On August 28, 1963, Martin Luther King Jr. stood on the steps of the Lincoln Memorial and gave a speech for the ages, delivering the oratorical masterpiece "I Have a Dream" to nearly 250,000 people.

When he was done, King stepped away from the podium, folded his speech, and found himself standing in front of George Raveling, a former Villanova basketball player who, along with his friend Warren Wilson, had been asked to provide extra security around Dr. King while he was speaking. "We were both tall, gangly guys," Raveling told TIME in 2003. "We didn't know what we were doing but we certainly made for a good appearance."

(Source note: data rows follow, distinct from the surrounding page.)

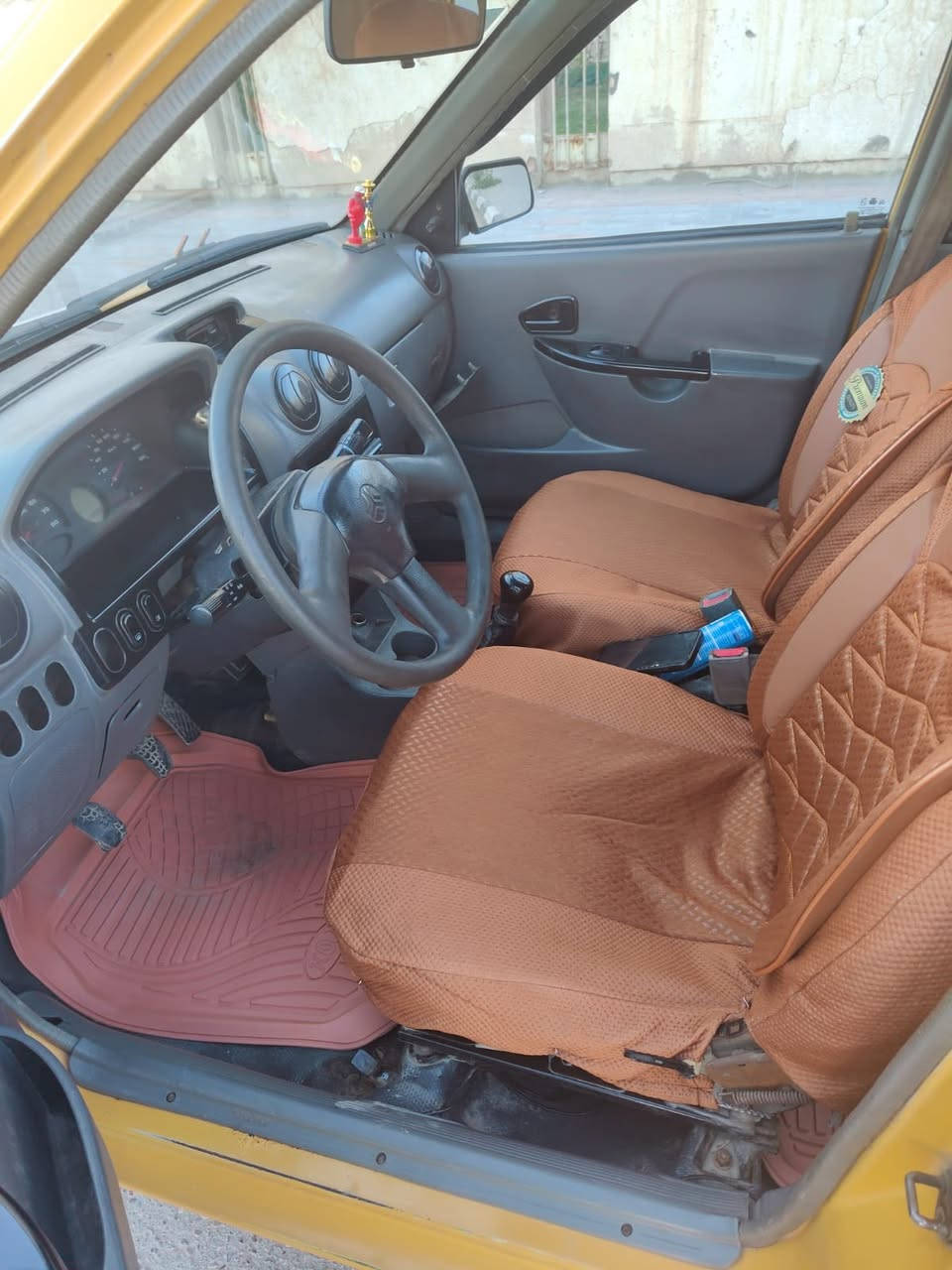 إسلام عليكم اخوان سياره سايبه لبيع موديل 2013 رقم بغداد دولي سياره خير من الله من كير ومكينه  وحداديه وشواصي مكفوله  مصفره هيئه السعر 32 وبيها مجال بسيط المكان في بابل راقم الهاتف  ***********
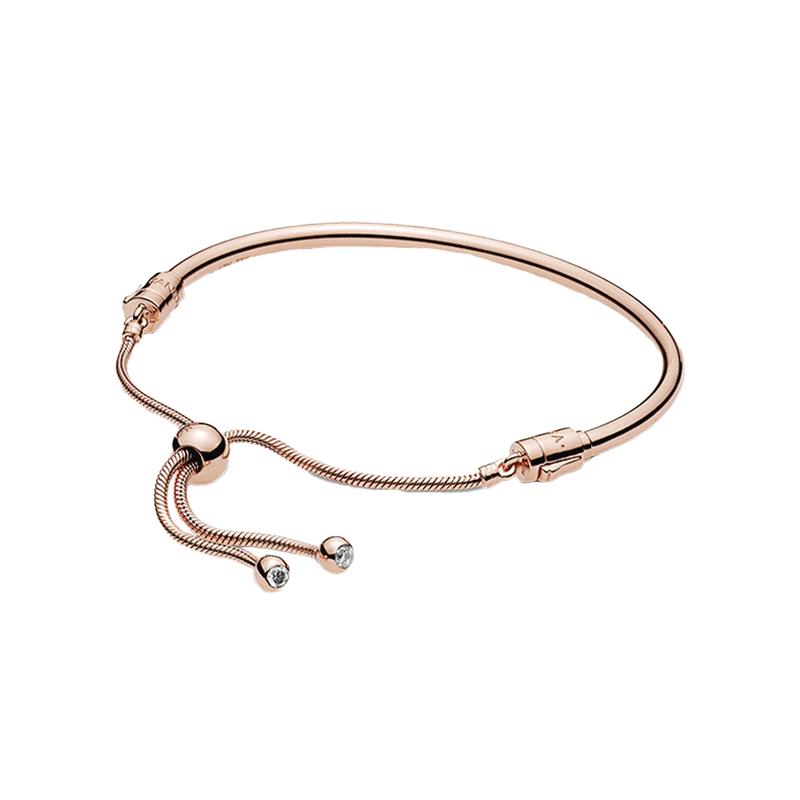 Pandora Rose Moments sliding bracelet for women 587953CZ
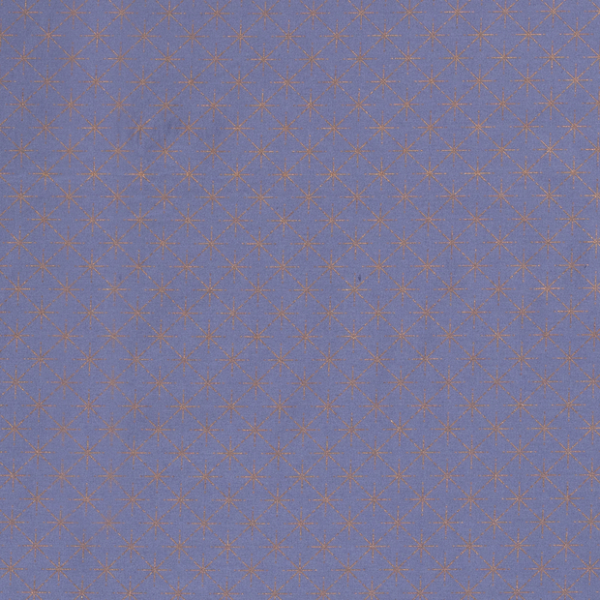 Baumwolle | bedruckt | stars | indigoblau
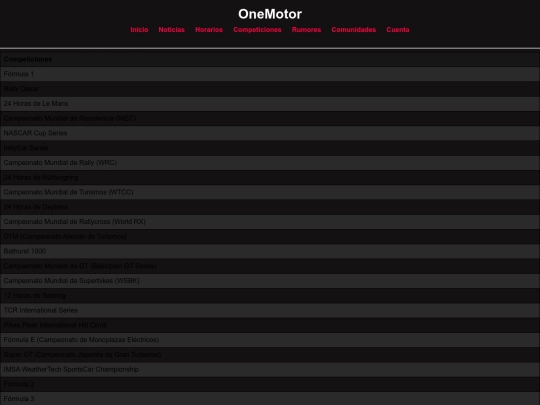 04.competitions screenshot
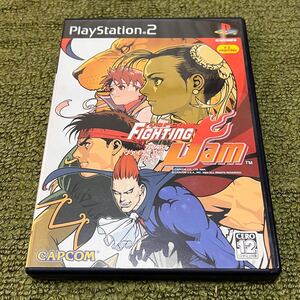 PS2 ソフト カプコン ファイティングジャム 中古品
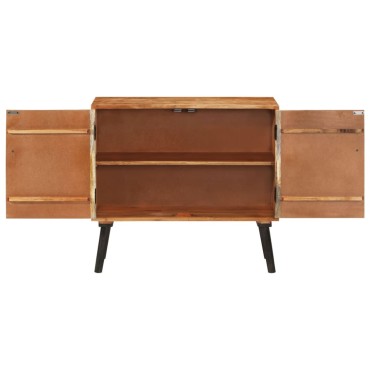 vidaXL Ντουλάπι 85x30x75cm από Μασίφ Ξύλο Μάνγκο 1 τεμ.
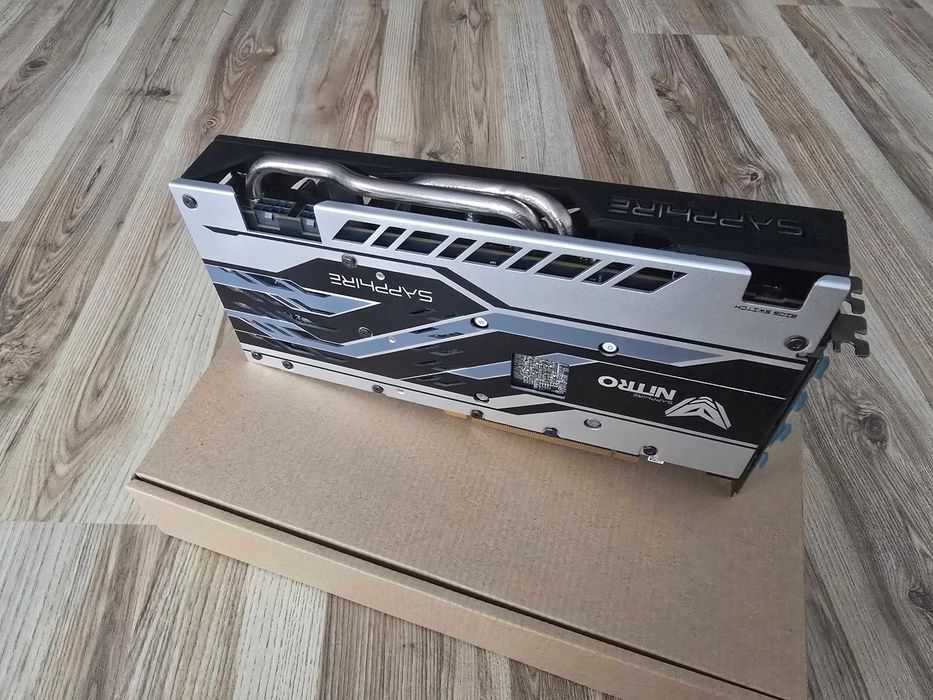 Placa video Sapphire RX 580 Nitro+ 8 GB GDDR5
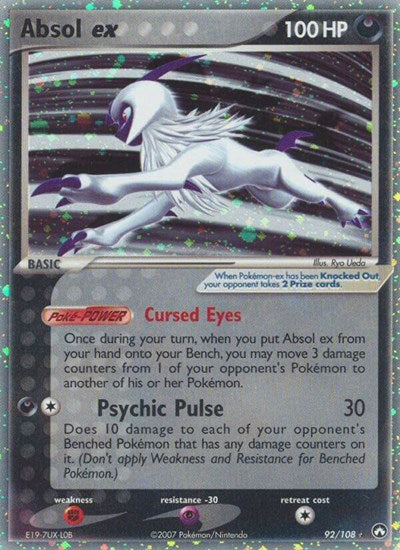 Absol ex (Power Keepers) Light Play Holofoil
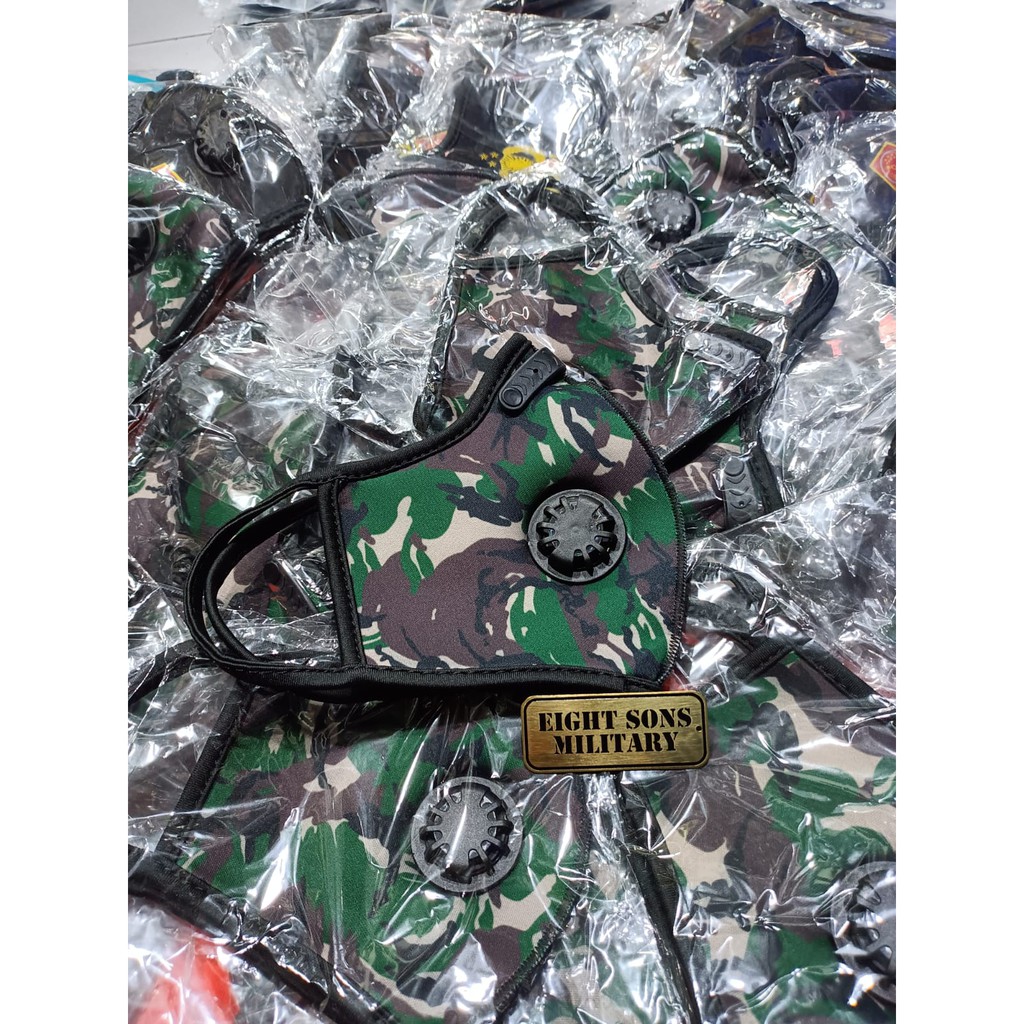 MASKER PREMIUM LORENG TNI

Moved by the speech, Raveling saw the folded papers in King’s hands and asked if he could have them. King gave the young volunteer the speech without hesitation, and that was that.

“At no time do I remember thinking, ‘Wow, we got this historic document,’” Raveling told Sports Illustrated in 2015. Not realizing he was holding what would become an important piece of history in his hands, Raveling went home and stuck the three sheets of paper into a Harry Truman biography for safekeeping. They sat there for nearly two decades while Raveling developed an impressive career coaching NCAA men’s basketball.

In 1984, he had recently taken over as the head coach at the University of Iowa and was chatting with Bob Denney of the Cedar Rapids Gazette when Denney brought up the March on Washington. That's when Raveling dropped the bomb: “You know, I’ve got a copy of that speech," he said, and dug it out of the Truman book. After writing an article about Raveling's connection, the reporter had the speech professionally framed for the coach.

Though he displayed the framed speech in his house for a few years, Raveling began to realize the value of the piece and moved it to a bank vault in Los Angeles. Though he has received offers for King’s speech—one collector wanted to purchase the speech for $3 million in 2014—Raveling has turned them all down. He has been in talks with various museums and universities and hopes to put the speech on display in the future, but for now, he cherishes having it in his possession.

“That to me is something I’ll always be able to look back and say I was there,” Raveling said in the original Cedar Rapids Gazette article. “And not only out there in that arena of people, but to be within touching distance of him. That’s like when you’re 80 or 90 years old you can look back and say ‘I was in touching distance of Abraham Lincoln when he made the Gettysburg Address.’"

“I have no idea why I even asked him for the speech,” Raveling, now CEO of Coaching for Success, has said. “But I’m sure glad that I did.”